A família reencontra-se, chilreiam comentários leves, é a alegria do reencontro, há paragens para beber cidra, cantarola-se. Helena ganha forma: “Começava a fazer calor e passavam vespas a zumbir e moscas brilhantes. Ao fundo, entre as árvores, viam-se prados verdes, aldeões trabalhando entre os milheirais, carros azul-claros, bois e uma nesga de mar. Vinha um cheiro da erva húmida aquecida pelo sol do meio-dia, e eu, morto de felicidade, com Helena a meu lado, semicerrava os olhos e mergulhava no fundo dos meus pensamentos. Pensava no verão que me esperava junto a Helena, sob aquele céu, entre os prados verdes, os rios e as árvores, sabendo que ela gostava de mim, e quase se me enchiam os olhos de lágrimas.” E há um passeio pelo bosque, a ternura do encontro a dois, ele aproxima-se, ela tenta fugir, ela foge depois de o morder, dá-se a reaproximação, Helena põe-lhe um curativo na ferida, recomeça a perseguição, lá vai ele, felicíssimo. Temos agora a tarde e o crepúsculo, de novo o convívio, o fumo dos charutos dos homens, a sala de jantar mergulhada na penumbra e desse escuro ouvem-se as cigarras e os grilos. Vão até à praia os dois. “Helena e eu íamos calados. De vez em quando, Helena parava, colhia umas quantas amoras e oferecia-me metade. E continuávamos a caminhar muito próximos, sem dizer nada, mas tremendo. Algumas vezes o meu amor – que era a Helena, tão linda, com a pele tão morena e o cabelo tão louro e os olhos azuis e tão livre e valente – parava outra vez para apanhar amoras e picava-se num espinho. Oferecia-me então o seu dedo ensanguentado e eu chupava-lhe o sangue, que era tão vermelho, tão salgado, tão lindo cintilando ao sol.”

E chegam à praia, pequena e de difícil acesso, lançam-se contras as ondas frias, bancas e espumosas, nadam juntos, o autor socorre-se da antiguidade clássica, e aquele jovem, tremendo, com voz rouca, confessa o seu amor a Helena, e ela corresponde.

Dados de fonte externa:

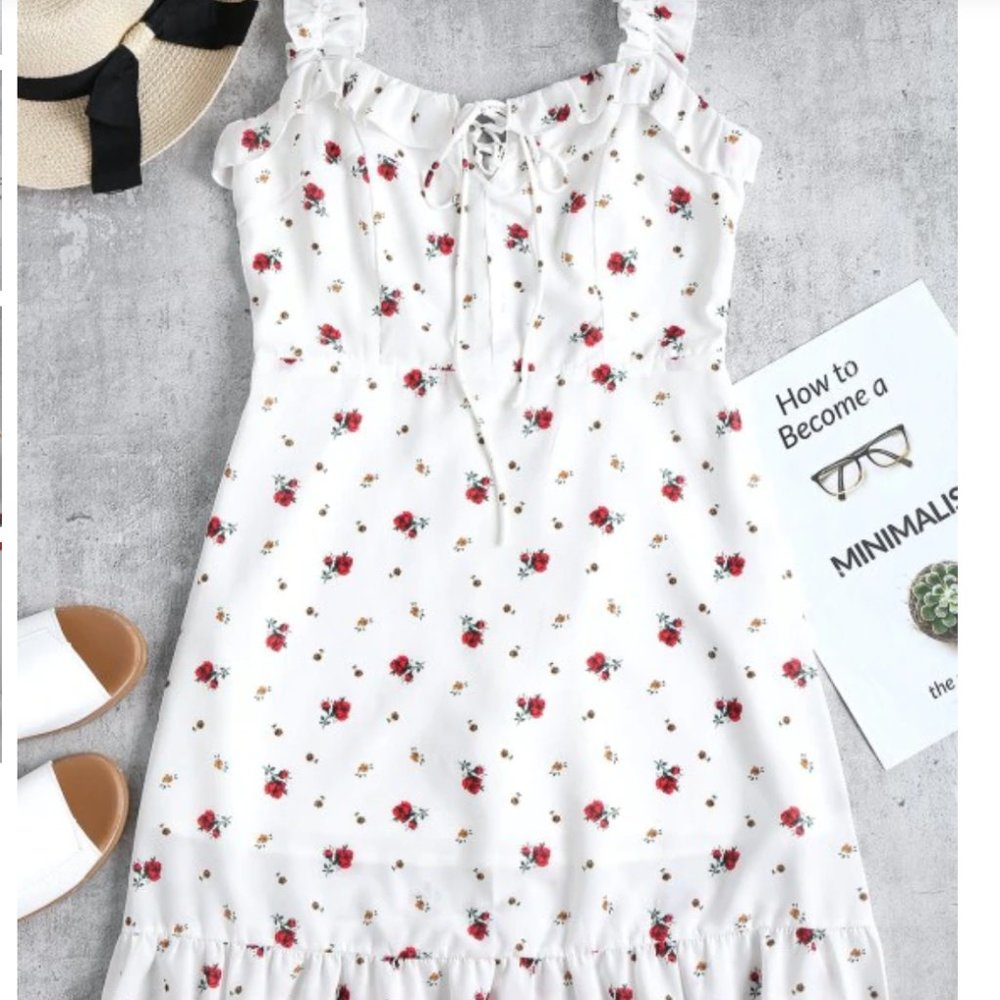 ZAFUL Ruffles Lace Up Mini Dress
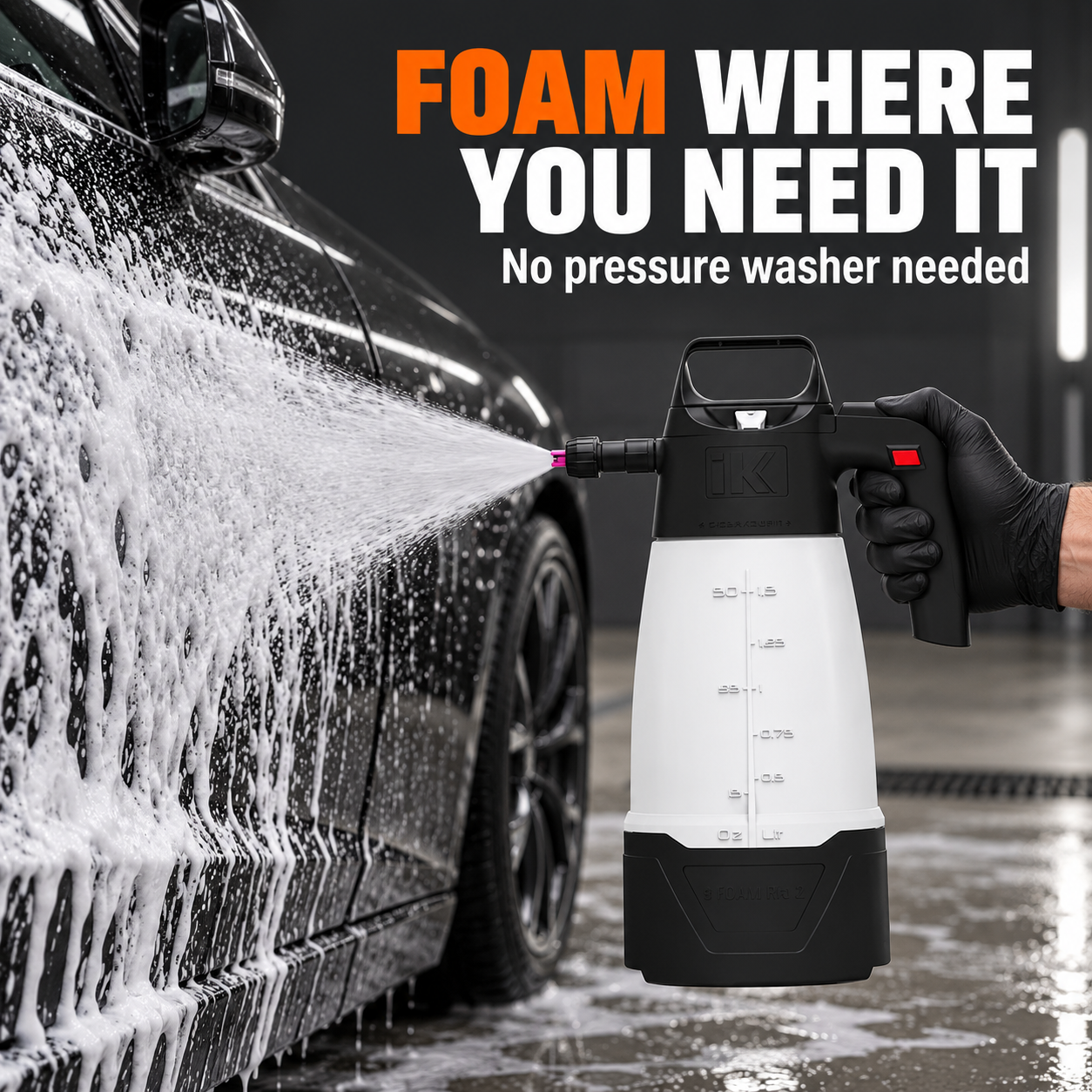 IK e Foam Pro 2 (Battery Powered Handheld Foamer) — Can I foam without a pressure washer?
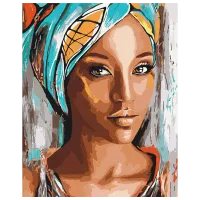 Pictură pe numere BrushMe Portretul femeiei africane BS51956 50 x 40 cm / Verticală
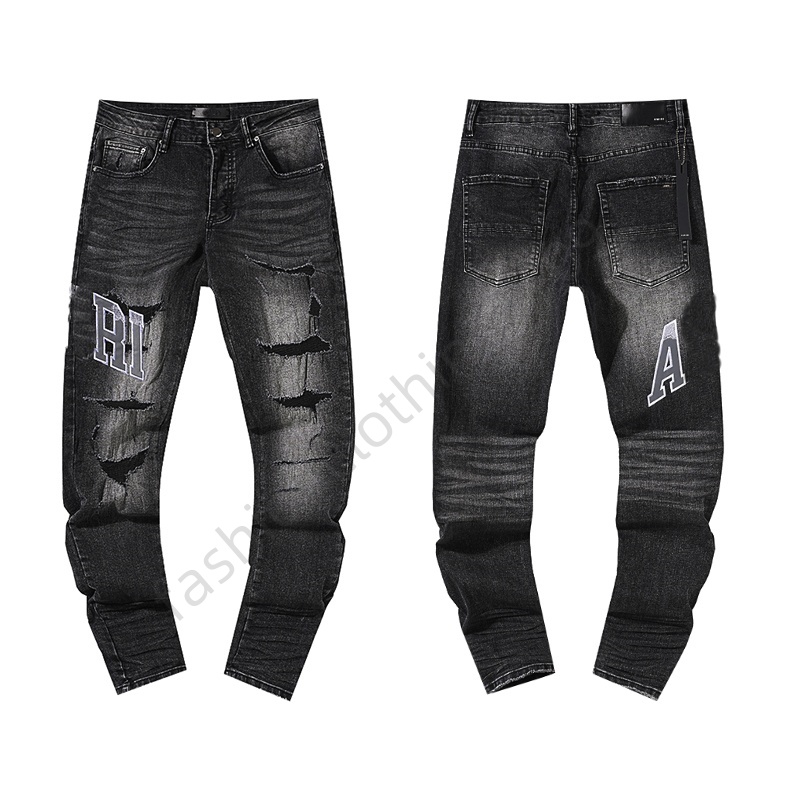 Designer men's wear brand jeans with zipper flying embroidery letter prints, men's wear ripped pants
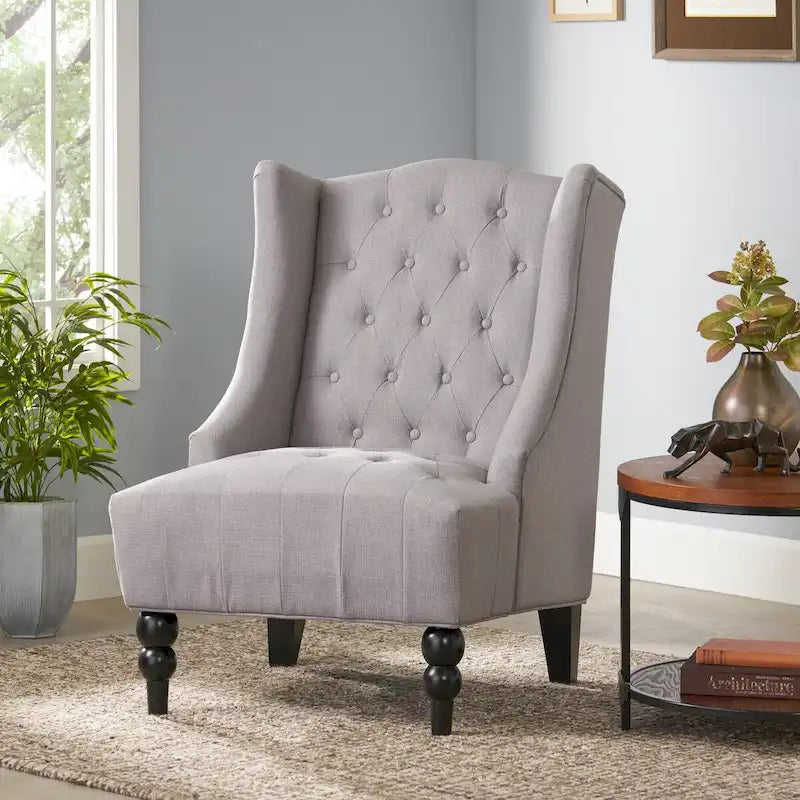 Fauteuil Club Chesterfield Capitonne Grand Dossier avec Pieds en Bois, Design Contemporain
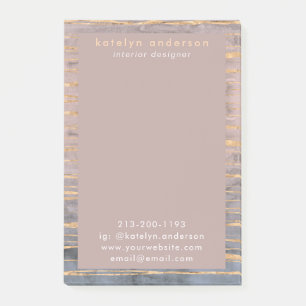 Post-it® Marbre moderne Gold Foil Gemstone Designer d'intér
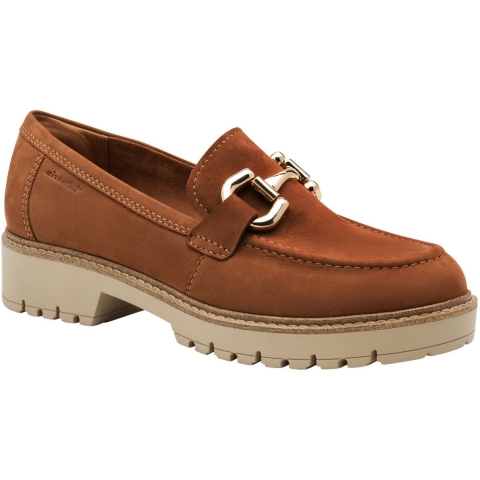 Tamaris Dames Cognac Tan Bruine Leren Loafers Slip-On Platform Schoenen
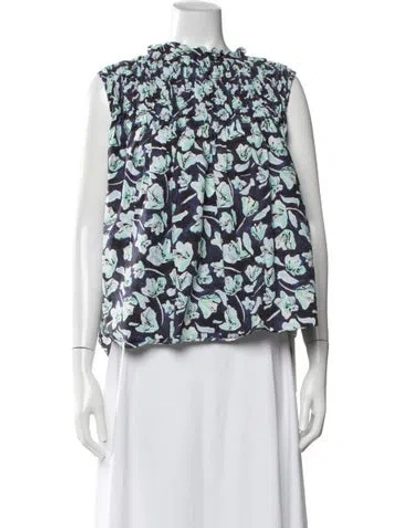 Pre-owned Merlette Floral Print Crew Neck Blouse In Blue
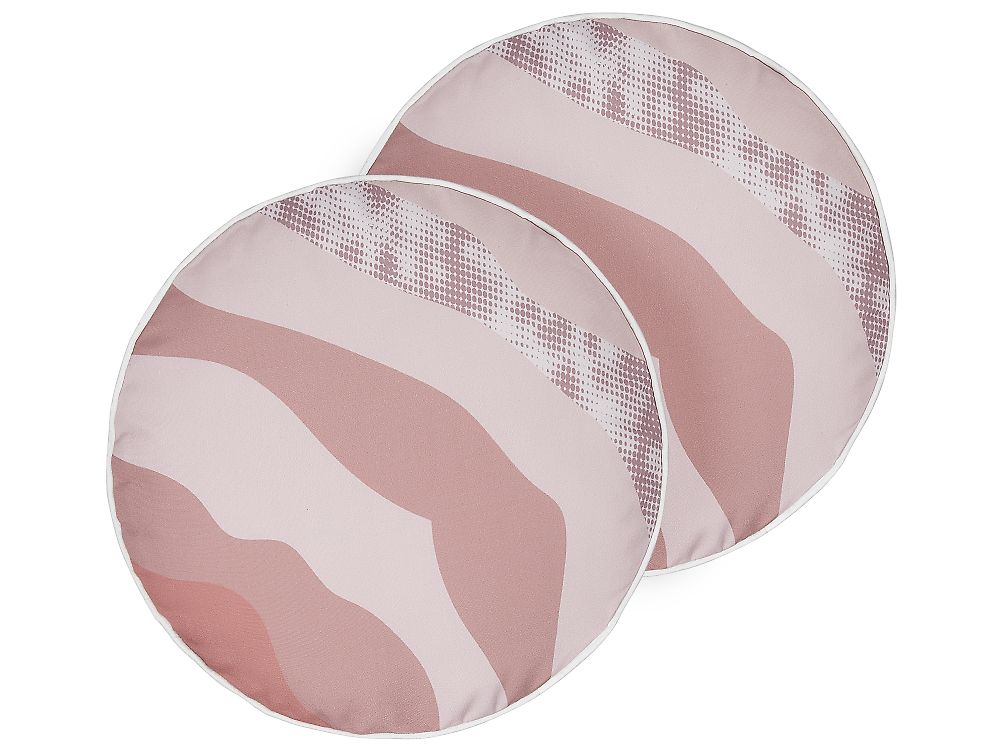 Set di 2 cuscini da esterno CAMPEI Trama astratta 40 x 40 cm Rosa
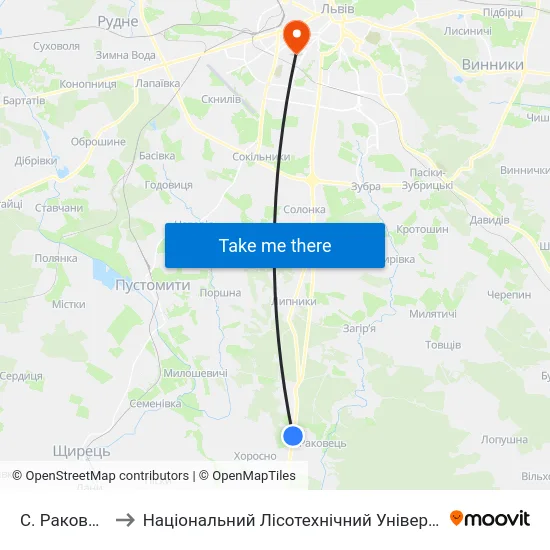 С. Раковець to Національний Лісотехнічний Університет map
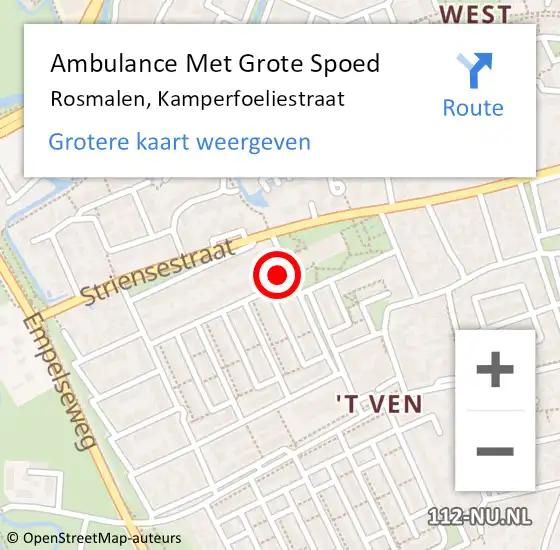Locatie op kaart van de 112 melding: Ambulance Met Grote Spoed Naar Rosmalen, Kamperfoeliestraat op 4 mei 2016 07:51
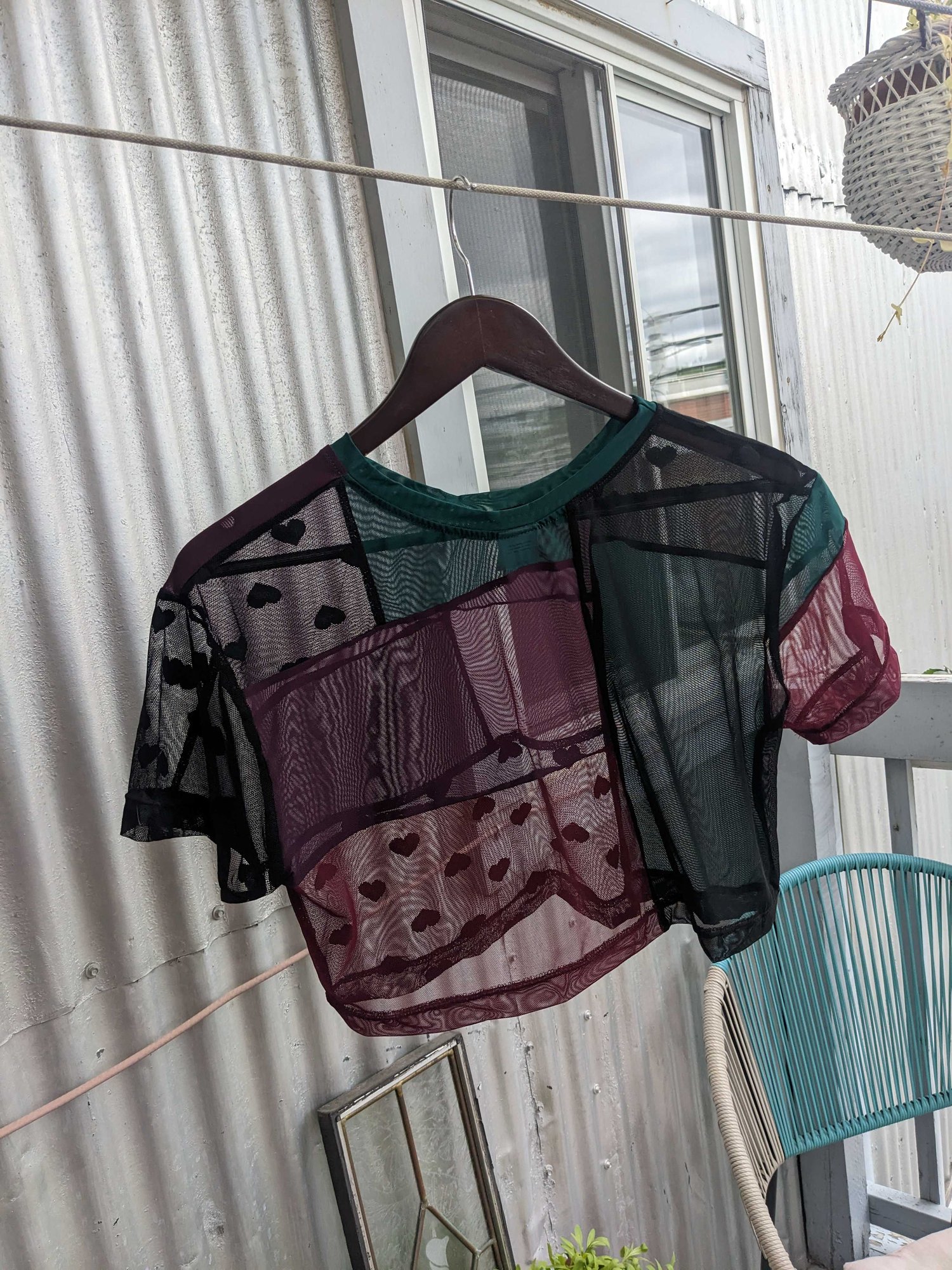 Image of OAK  Dark and Rick Patchwork Up-cycle Boxy Crop Tee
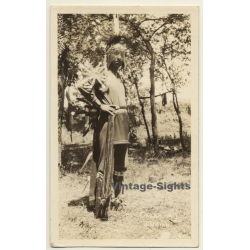 USA: Oklahoma Indian / Headdress - Ethnic (Vintage RPPC Mac...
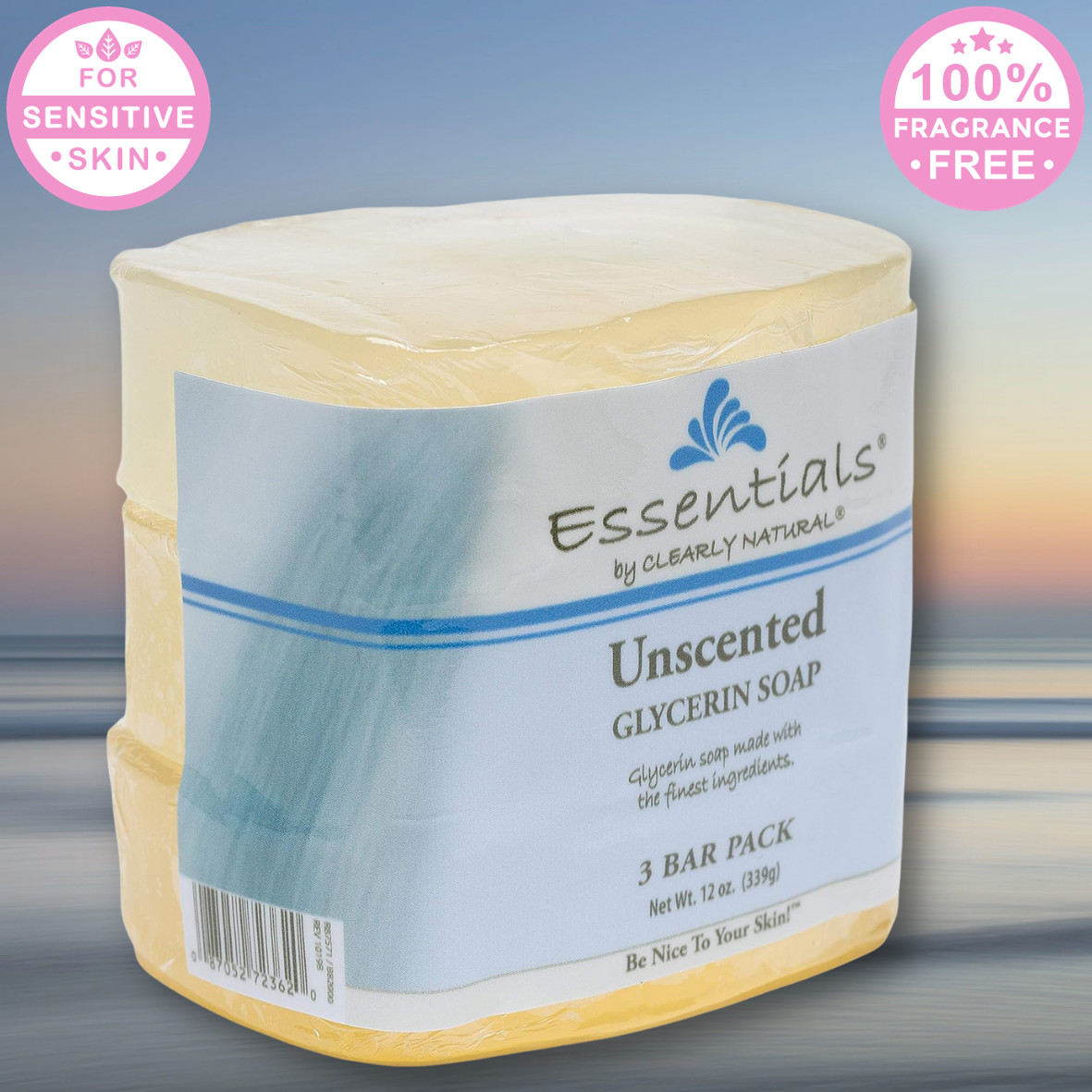 Clearly Natural Glycerine Bar Soap, Unscented, 3 Count, 4 Oz Each (876872362)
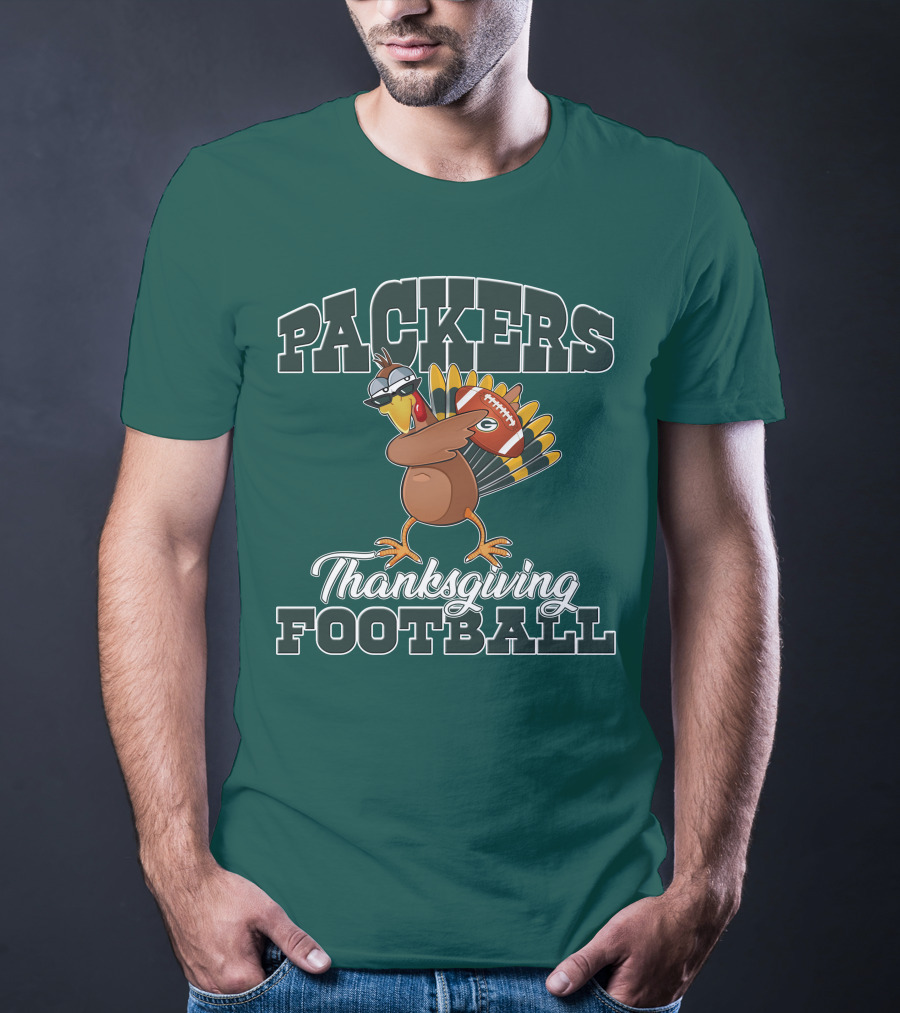 Packers Thanksgiving Football Turkey With Sunglasses T-Shirt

E esta noveleta que já não tem idade termina de uma forma ímpar:

“Não falámos mais. Íamos juntos, sós, entre o silêncio do crepúsculo. Íamos só entre o silêncio do mundo. Sós entre o silêncio do tempo. Sós para sempre. Juntos e sós, andando juntos e sós entre o silêncio do mundo e do mar e do mundo, andando andando. E tudo era como um grande arco e nós íamo-lo atravessando e do outro lado estava o nosso mundo e o nosso tempo e o nosso sol e a nossa luz e a nossa noite e as estrelas e os montes e os pássaros e sempre…”

Há um poder de sugestão, uma magia das palavras que se desprende deste relato da iniciação amorosa, uma tremenda elegância na forma que nos embarga a leitura, e chegamos ao fim com a convicção que um dia a ela retornaremos, tal a sua intemporalidade que nos recorda a inocência perdida.